Surviving the first day
The first day is easily the most shocking. There are so many people, so many events, and the feeling that you are obligated to experience everything right this second. Take it slow. Start by deciding that you want to meet people and try new things. Fighting it will only make it harder to enjoy yourself on day one. You could try out California Lutheran sophomore Simone Goerlich’s strategy of deciding to step out of your comfort zone.
“The first day, I walked over to a small group of girls because a small group tends to be less intimidating than a larger group, and I introduced myself,” Simone says. “It was really easy going up to a random stranger and asking them where they are from and their major. I know it sounds cliché but realizing that everyone is just as uncomfortable as you are got me through that week.”
Remember that most people are just as nervous as you, so just say that! You’ll be amazed at how easy it is to bond with people over your mutual nervousness. Plus, other people will be happy to hear you say that you are just as anxious as they are. It will put both you and them at ease, knowing that you’re not alone in this and now you have someone you can confide in about this experience.
This is a big one. Everyone feels pressured to make friends in this new environment, but it’s okay to just mingle and get to know people during this week. A lot of people spend this week feeling homesick and lonely, which of course only makes you feel more stressed about not making friends pronto.
“Making friends the first week was super hard because all I wanted to do was call my mom to tell her everything I did,” says Brigitte Curcio, a senior at the University of Tennessee at Martin. “So I made sure that when I went to the student organization fair, I put my name down for as many clubs as I thought were interesting so I would keep busy and meet different kinds of people all over campus.”
And if you don’t make many (or any) friends during orientation week, you’re not alone. Talia Santopadre, a sophomore at Emerson College, knows what it’s like. “For my entire first semester, I only had one friend and she was my roommate, so if you don’t make any friends during orientation week, don’t get scared!” she says. “The best thing you can do to make friends is put yourself out there. Say hi to someone on campus. Needless to say, once classes start, you meet tons of people you have classes with, but everyone is in the same – or similar – place where they don’t know anyone.”

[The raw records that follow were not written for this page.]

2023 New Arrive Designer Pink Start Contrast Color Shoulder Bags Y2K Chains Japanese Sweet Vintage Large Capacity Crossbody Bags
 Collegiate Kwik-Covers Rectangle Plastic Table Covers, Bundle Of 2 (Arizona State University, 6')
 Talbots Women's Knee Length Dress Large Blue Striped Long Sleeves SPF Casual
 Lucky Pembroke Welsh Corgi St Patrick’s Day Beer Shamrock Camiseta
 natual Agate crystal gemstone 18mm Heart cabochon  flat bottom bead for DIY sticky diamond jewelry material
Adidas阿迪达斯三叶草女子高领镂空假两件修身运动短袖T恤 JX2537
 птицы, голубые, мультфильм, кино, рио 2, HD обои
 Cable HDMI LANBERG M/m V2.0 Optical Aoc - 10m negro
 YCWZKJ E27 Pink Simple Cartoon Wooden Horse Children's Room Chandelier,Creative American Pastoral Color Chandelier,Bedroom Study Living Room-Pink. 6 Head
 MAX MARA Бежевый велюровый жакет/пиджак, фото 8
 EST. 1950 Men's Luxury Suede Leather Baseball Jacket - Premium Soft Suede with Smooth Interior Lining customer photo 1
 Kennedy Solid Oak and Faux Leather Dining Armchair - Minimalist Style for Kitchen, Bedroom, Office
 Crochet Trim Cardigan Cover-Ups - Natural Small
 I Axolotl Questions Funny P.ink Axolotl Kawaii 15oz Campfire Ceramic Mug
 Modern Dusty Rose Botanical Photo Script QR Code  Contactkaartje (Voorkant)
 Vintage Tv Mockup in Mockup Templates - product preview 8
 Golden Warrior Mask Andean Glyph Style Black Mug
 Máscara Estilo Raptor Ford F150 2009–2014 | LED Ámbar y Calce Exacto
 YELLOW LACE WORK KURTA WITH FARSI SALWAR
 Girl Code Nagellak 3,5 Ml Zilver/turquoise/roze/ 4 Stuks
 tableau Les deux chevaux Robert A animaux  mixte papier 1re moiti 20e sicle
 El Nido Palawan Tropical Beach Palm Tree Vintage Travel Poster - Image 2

Don’t stress if you don’t make a lot of friends right off the bat. Just stay true to yourself, and everything will fall into place.
Fearing the dining hall
For whatever reason, sitting alone at the dining hall seems scary AF, but it’s actually not! It can be really nice to eat by yourself, especially if you want a hot second to catch your breath from all the socializing. But if sitting alone in the dining hall makes you uncomfortable, take Talia’s advice and read a book or surf the web on your phone or laptop for a little bit.
“No one is going to make fun of you for sitting alone, we’ve all been there,” she says. And it’s true. So many people eat alone in the dining hall that it really isn’t weird at all.
Plus, it is a great place to meet people! “When I didn’t have anyone to sit with in the dining hall, I just looked for people who were looking as awkward and uncomfortable as I was,” Brigitte says. Find some friendly faces and ask if you can sit at their table. Most of the time, other people are happy to let you join them. If you still feel uncomfortable about it, though, most campuses have a dining hall or to-go eatery that will allow you to get food and take it back to your dorm.
Depending on the size of your school’s campus, this one could seem very daunting. Trust us, it’s not bad at all!
“Don’t be afraid to ask where something is. Most upperclassmen are willing to help you out, so I wouldn’t be nervous about it. If you are concerned and don’t want potentially false information, you can always ask a faculty member,” Talia says. She also says to find your buildings and classrooms before school starts. That way, you know exactly where you’re going and how long it takes to get there.
Also remember that if you do ask for help, no one will know you’re a freshman. You absolutely don’t have to tell people that, and most of the time no one will ask. You could be literally anyone, for all they know. That and most upperclassman will be helpful and accurate in the information they give you about where certain buildings are.
The toughest things about orientation week include the mental fatigue and overwhelming feelings that come with this busy, emotionally charged week. What’s comforting, though, is that so many people feel just like you during this time. Stephanie Huynh, a sophomore at Lehigh University, says she definitely felt this way.
“One of the feelings I clearly remember from orientation was that I was exhausted,” she says. “I don’t consider myself relatively shy, but being friendly and outgoing 24/7 really drained me. My orientation included never-ending ice breakers and conversations, so I couldn’t wait to get time to myself.”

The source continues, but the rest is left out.